Observed patterns of ecological divergence can underline either adaptive or plastic processes, or a combination of both (Wogan et al. 2020). Characters like the length of the larval stage and adult body size are known to be subject to developmental plasticity within S. salamandra subspecies (e.g., Alcobendas and Castanet 2000; Alcobendas et al. 2004). Nonetheless, some of those traits are also known to have a genetic basis, like color patterns (Burgon et al. 2020), growth rate, or body size (Alcobendas and Castanet 2000). Interestingly, one study exploring the evolutionary responses of ectothermic vertebrates to climatic variation identified variation in precipitation seasonality as the best predictor for variation in the number of thoracic vertebrae (a trait linked to body size) in S. salamandra (Ficetola et al. 2016).

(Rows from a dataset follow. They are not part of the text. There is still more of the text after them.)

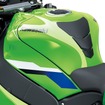 カワサキ Ninja ZX-10R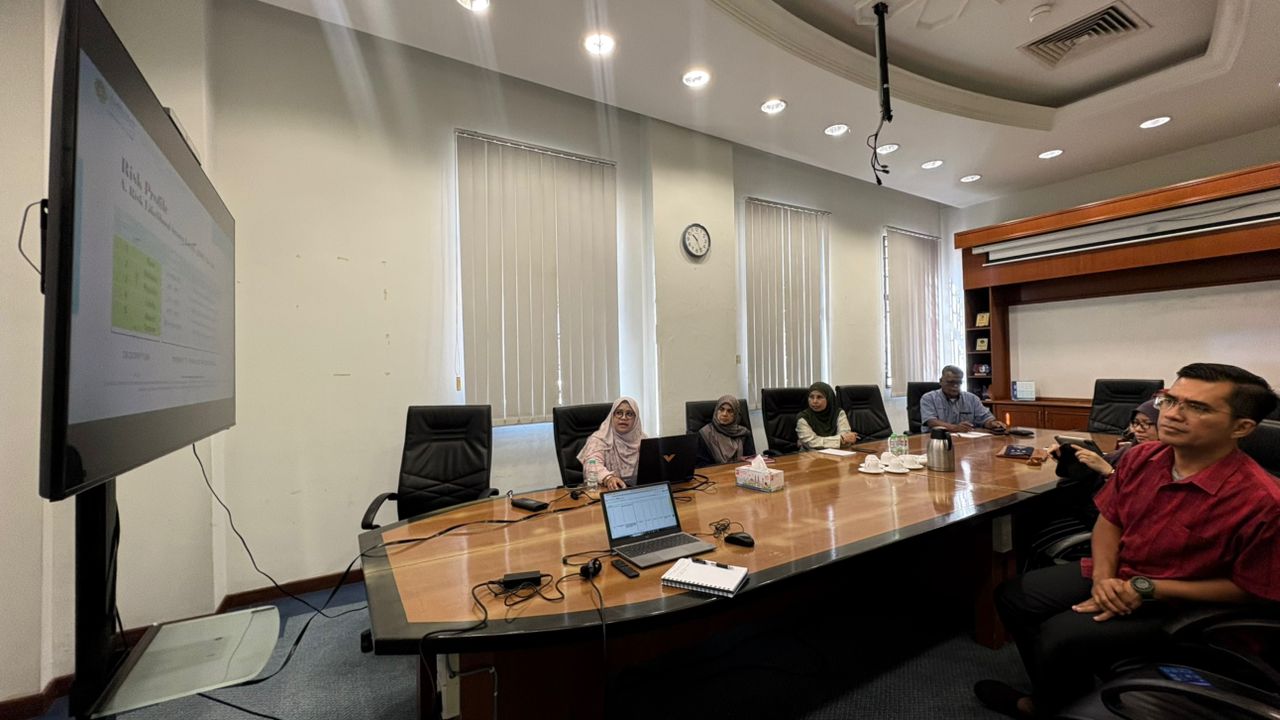 WhatsApp Image 2026-04-28 at 09.32.36 (1)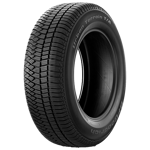 235/75 R15 109H Urban Terrain T/A XL M+S BF Goodrich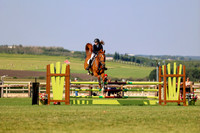 08214 - Mara - 2026 Mid-Summer Classic II - Sunday July 19th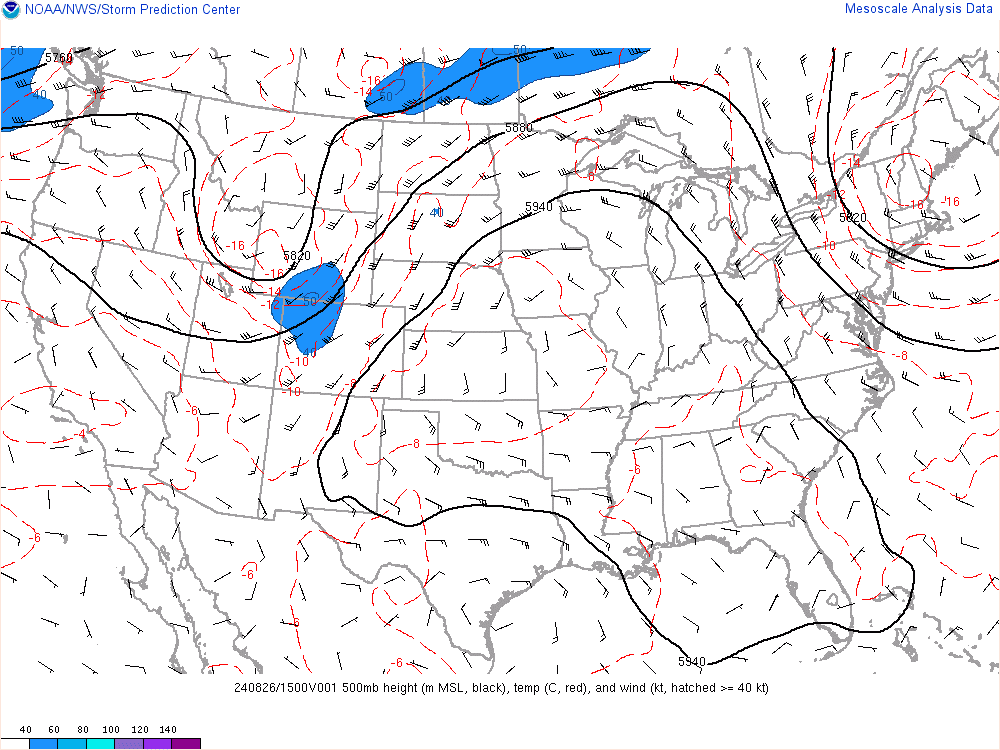 500mb_sf.gif?1613630056583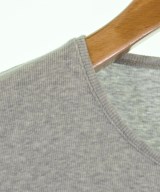 BRUNELLO CUCINELLI（ブルネロ　クチネリ）Tシャツ・カットソー グレー サイズ:-(XS位) レディース/2200615989013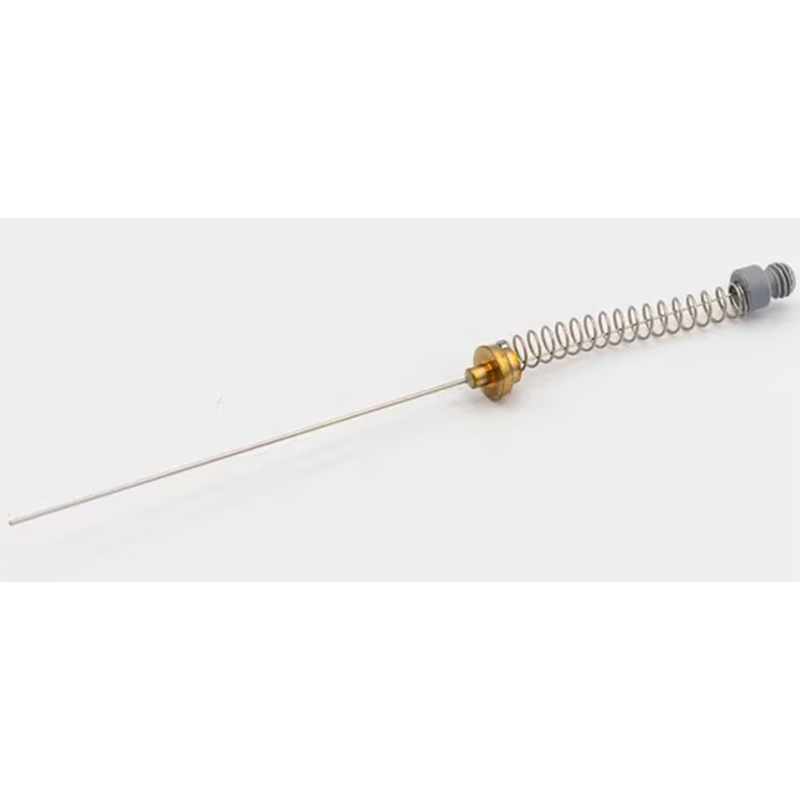 57328-U默克手动萃取头固相微萃取纤维组件1cm 3支/盒Supelco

While we cannot infer the relative importance of each process in ongoing ecological divergence, our results are consistent with a scenario of environmental adaption, where genetic divergence occurs via physical and ecological isolation and maintains S. s. almanzoris phenotypic traits in high-elevation environments despite extensive gene flow in neutral parts of the genome (Pereira et al. 2016). Contemporary patterns of neutral genetic variation (Fig. 2) show that previously described mito-nuclear discordances probably result from post-glacial range expansions of S. s. bejarae into the range of S. s. almanzoris, with both subspecies merging across most of the ICS, possibly favored by shallower ecologic transitions. The coincidence of sharp genetic and ecological transitions in the easternmost ICS suggests that this region may be the only remnant of the original (unmixed) S. s. almanzoris. Their importance as an independent evolutionary unit with a distinct ecology should be considered in conservation strategies.